With two existing medical cannabis dispensaries on Mission Street near Mt. Vernon Avenue on the border of the Excelsior and Outer Mission neighborhoods, residents and merchants poured out their reasons for opposition to a third MCD at an October meeting of the Planning Commission.
Their voices were heard, and the commission did not immediately approve the new MCD—called SPARC—but instead continued the hearing until December.
SPARC is a high-end MCD that operates on Mission Street south of Market Street and is attempting to expand to 5420 Mission St. The owners of the MCD will have until then to once more plead their case to neighboring residents about why they should be allowed to move into the area.
District 11 Supervisor John Avalos, whose district includes the Outer Mission and Excelsior, did not weigh in on the pro or con side of the debate, bust instead he asked once again for the Planning Department and the commission to change the rules for where MCDs can be located. However only the Board of Supervisors can change the green zone rules, and it hasn’t taken up the issue since its adoption despite a report documenting problems with the status quo.
“I will say that SPARC has a documented record of being a good neighbor in the South of Market Area, and I appreciate the work they have done to engage with the Excelsior and Outer Mission neighborhoods,” Avalos said in a statement presented to the Planning Commission. “I would not welcome any other potential dispensaries in District 11 that do not offer an extraordinary level of community benefits. And I ask that in the future you reject any conditional use applications for MCDs within 500 feet of another MCD in the Excelsior Outer Mission district.”
Among several passionate comments to planners and commissioners during the hearing was Marleen Norman, a board member of the Outer Mission Merchants and Residents Association.
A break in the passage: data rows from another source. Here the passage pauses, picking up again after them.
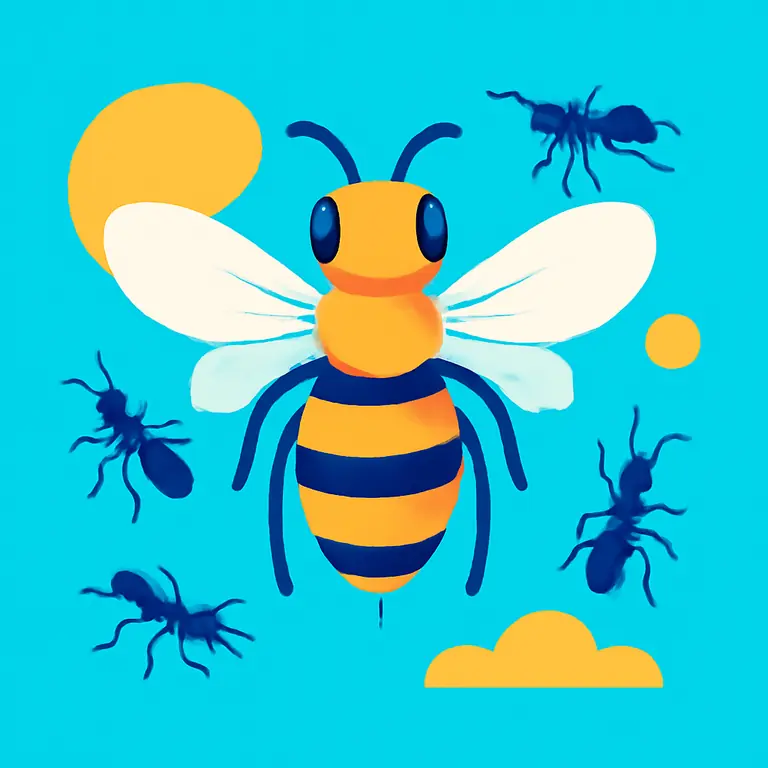 Swarmy Arthropods - puzzle cover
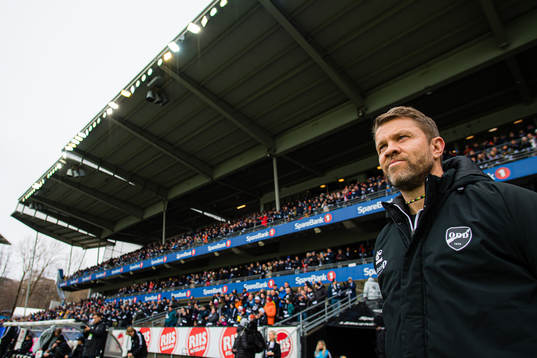 Pål Arne "Paco" Johansen, head coach of Odd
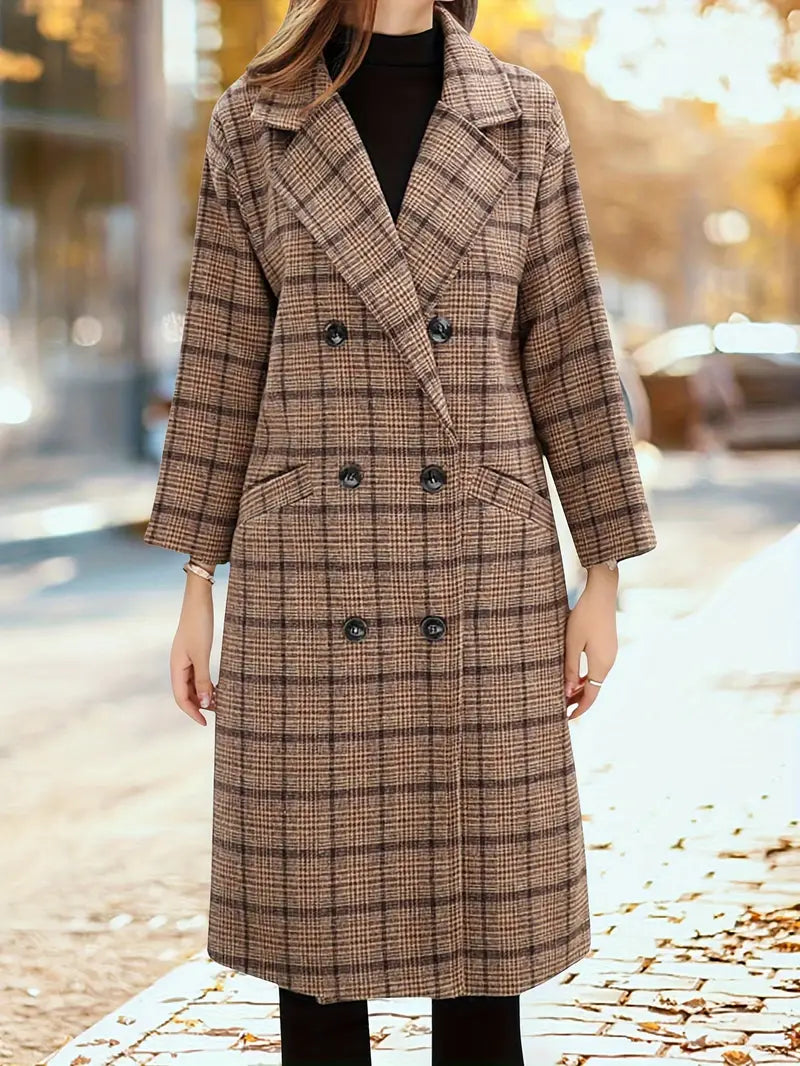 Donna - Stylish Autumn and Winter Coat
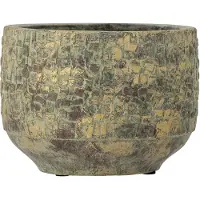 Creative Collection Kreative Sammlung Mawi Deco Blumentopf | Grün | Terrakotta | 82060512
“Outer Mission and the Excelsior is becoming the pot district, the pot center of San Francisco,” Norman told the commission. “This isn’t the reputation we want for our neighborhood.”
Norman and other residents relayed their concerns over traffic, drug dealing and safety issues during the hearing, but it was the clustering together of MCDs that commissioners most grappled with.
The biggest problem any new MCD faces when moving into San Francisco appears to be the city’s laws. So called green zones were developed a decade ago to limit where MCDs could open in the city, and Mission Street in the Excelsior is part of one green zone. That’s why TreeMed and Mission Organic Center picked the area to open their clubs in 2012—there were few other places for them.
In response to the Excelsior-Outer Mission green zone becoming too dense with MCDs, District 11 Supervisor John Avalos put forward and had passed legislation to create an anti-clustering ordinance. While the rule has curbed a dramatic increase in MCDs in the area, there are still open areas for more to move in.
Limiting a type of business with a moratorium is generally perceived as unpopular and difficult to do.
TreeMed and Mission Organic Center don’t seem to be the best neighbors, residents repeatedly told commissioners, and SPARC’s presence might not make much of a positive impact on its competitors. Would a seemingly high-class company like SPARC put the other MCDs to shame, and either force them out of business or to alter their day to day operations? Or would the demand for medical cannabis in fact allow all three to operate with abandon?
These are questions at the heart of the debate, and whatever happens to SPARC, the answers could potentially affect the application of a fourth planned club in the same area. An application for an MCD at 5201 Mission St. has been submitted, but no hearing has been scheduled yet.